= Bell I. Wiley =

American historian

Bell Irvin Wiley (January 5, 1906 – April 4, 1980) was an American historian who specialized in the American Civil War and was an authority on military history and the social history of common people. He died in Atlanta, Georgia, from a heart attack.

== Early life and career ==
Wiley earned a B.A. at Asbury College in 1928, a master’s degree at the University of Kentucky, and a Ph.D. from Yale University in 1933, where he worked under Ulrich B. Phillips. In 1934 Wiley became a professor of history at State Teachers College (now the University of Southern Mississippi). He married Mary Frances Harrison in 1937; they had two children. He served as professor of history at the University of Mississippi (1938-1943), Louisiana State University (1946-1949), and Emory University (1949-1974).

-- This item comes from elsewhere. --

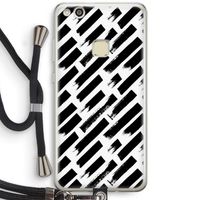 Zwarte vegen: Huawei Ascend P10 Lite Transparant Hoesje met koord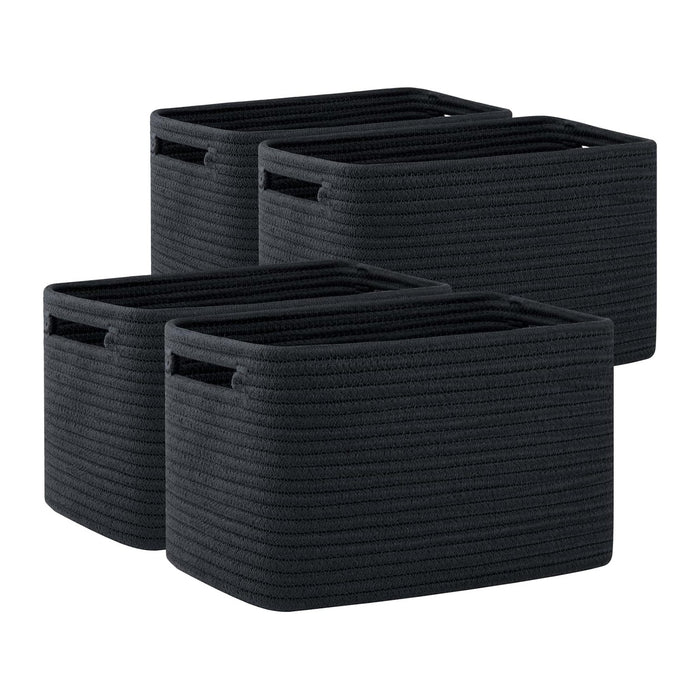 OIAHOMY 4 Pack Storage Baskets for Organizing 24L Cube Storage Bins Black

Born in rural Halls, Tennessee, Wiley was one of 13 children, 11 of whom lived past infancy. The family did farm work, and Wiley had the experience of plowing behind a mule. His dislike for the drudgery of farm chores and the merciless Southern heat motivated him to plan a career in education.

Wiley's maternal grandfather had marched with the Army of Tennessee, fighting against Union General William Tecumseh Sherman’s army. While he barely remembered him, Wiley spent several summers as a boy with his widow, who often held him spellbound with her recollections of the period. Wiley's family frequently hosted both a Confederate and a Union soldier, who would entertain them with their accounts of what they experienced when each had opposed the other in battle.

== Legacy ==
A historian writing in 1967 commented, "Since the publication of Bell Wiley's Southern Negroes, 1861–1865 in 1938, historians have known that the moonlight and magnolia idea of loyal slaves, who cheerfully supported the masters who fought to keep them enslaved, is a myth. Every teacher of survey courses knows, however, that this myth dies hard."

The New York Civil War Round Table awards the Bell I. Wiley Award to deserving authors who write about Civil War themes.